I need the lines below from the one with "210 8th Street Property Photo 8" down to the one with "Mano che tiene" reproduced exactly, both ends included, and nothing else.
::: Data to process :::
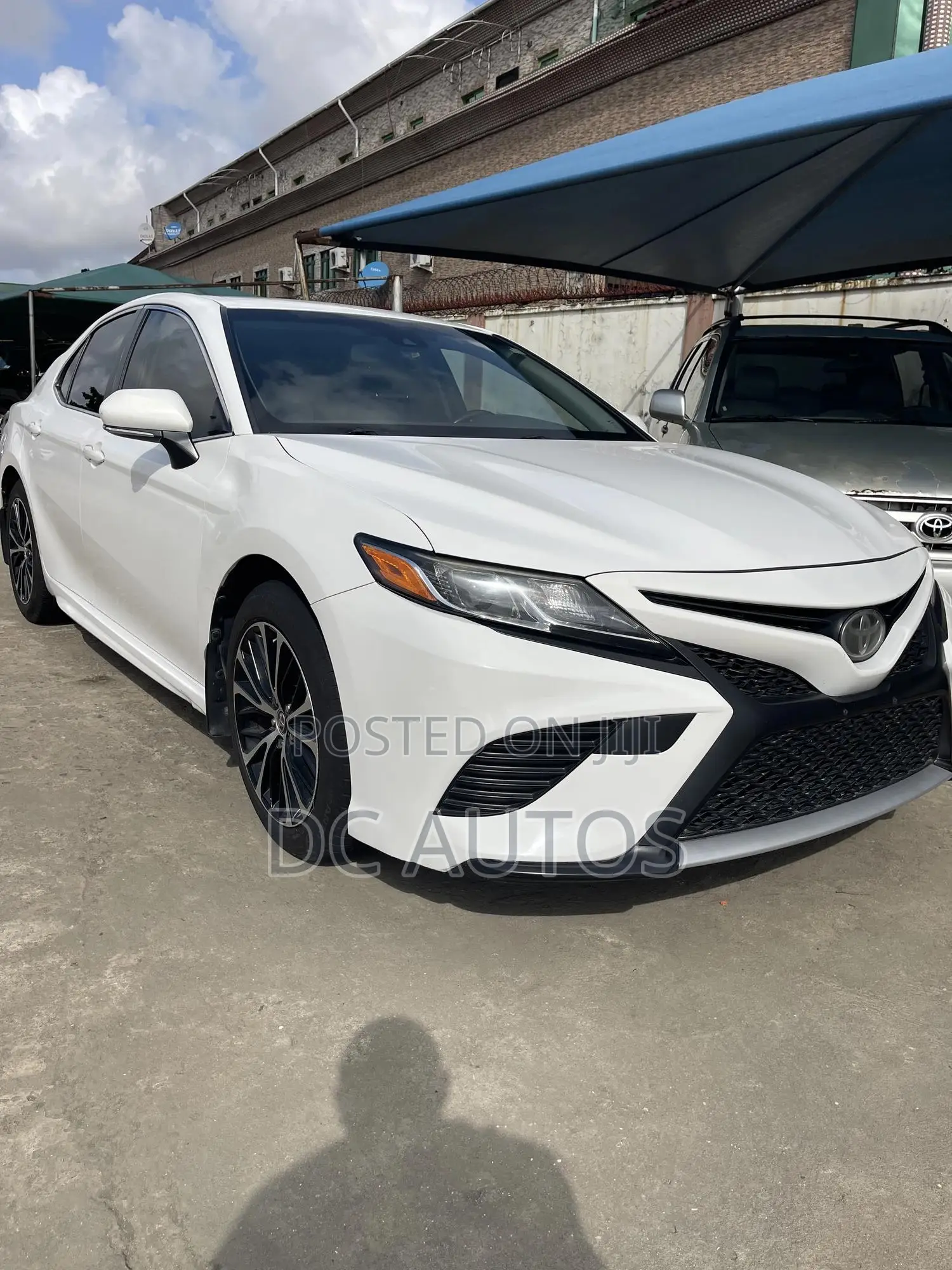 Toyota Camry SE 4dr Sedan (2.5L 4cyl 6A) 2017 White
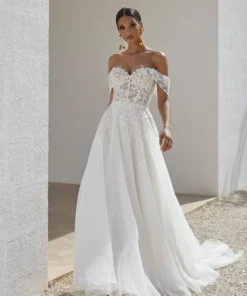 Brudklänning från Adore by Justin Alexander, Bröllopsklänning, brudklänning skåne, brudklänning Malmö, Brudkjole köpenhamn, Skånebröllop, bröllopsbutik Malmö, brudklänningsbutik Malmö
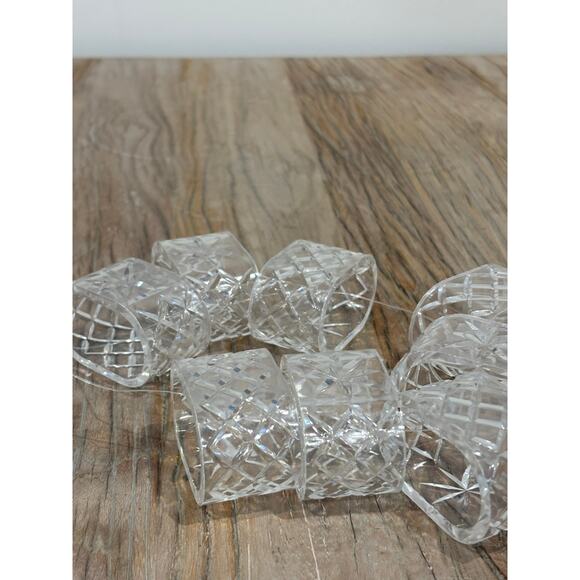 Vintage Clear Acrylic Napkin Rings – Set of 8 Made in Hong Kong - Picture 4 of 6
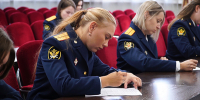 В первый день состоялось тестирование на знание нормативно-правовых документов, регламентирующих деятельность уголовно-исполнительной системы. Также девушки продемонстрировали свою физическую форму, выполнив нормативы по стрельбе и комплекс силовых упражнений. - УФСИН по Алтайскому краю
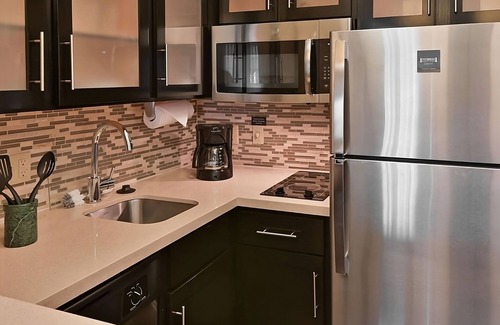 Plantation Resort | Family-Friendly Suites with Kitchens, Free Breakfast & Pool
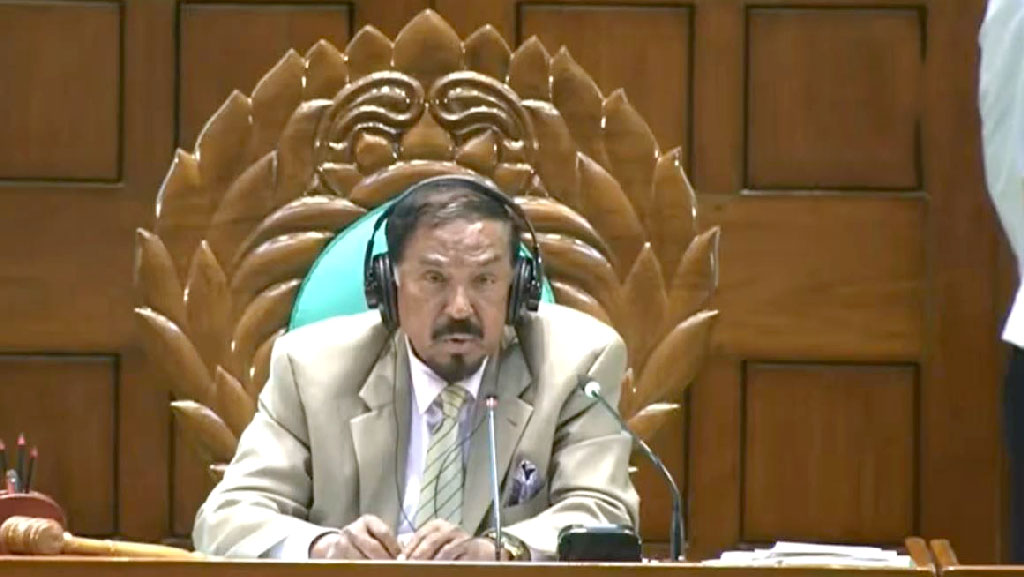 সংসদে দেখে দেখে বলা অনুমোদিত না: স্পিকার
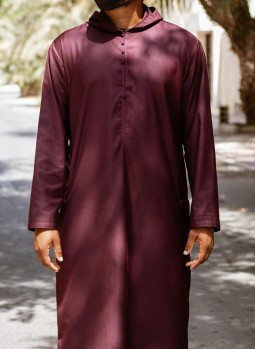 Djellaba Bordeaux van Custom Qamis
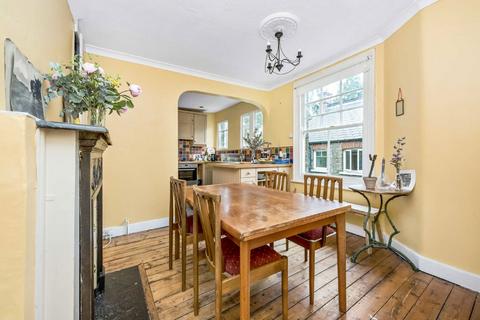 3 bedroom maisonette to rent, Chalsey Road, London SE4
:::
::: Data to process :::
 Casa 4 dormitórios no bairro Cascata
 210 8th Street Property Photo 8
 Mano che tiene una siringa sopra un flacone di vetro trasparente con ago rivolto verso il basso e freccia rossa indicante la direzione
:::
Result of the task:
 210 8th Street Property Photo 8
 Mano che tiene una siringa sopra un flacone di vetro trasparente con ago rivolto verso il basso e freccia rossa indicante la direzione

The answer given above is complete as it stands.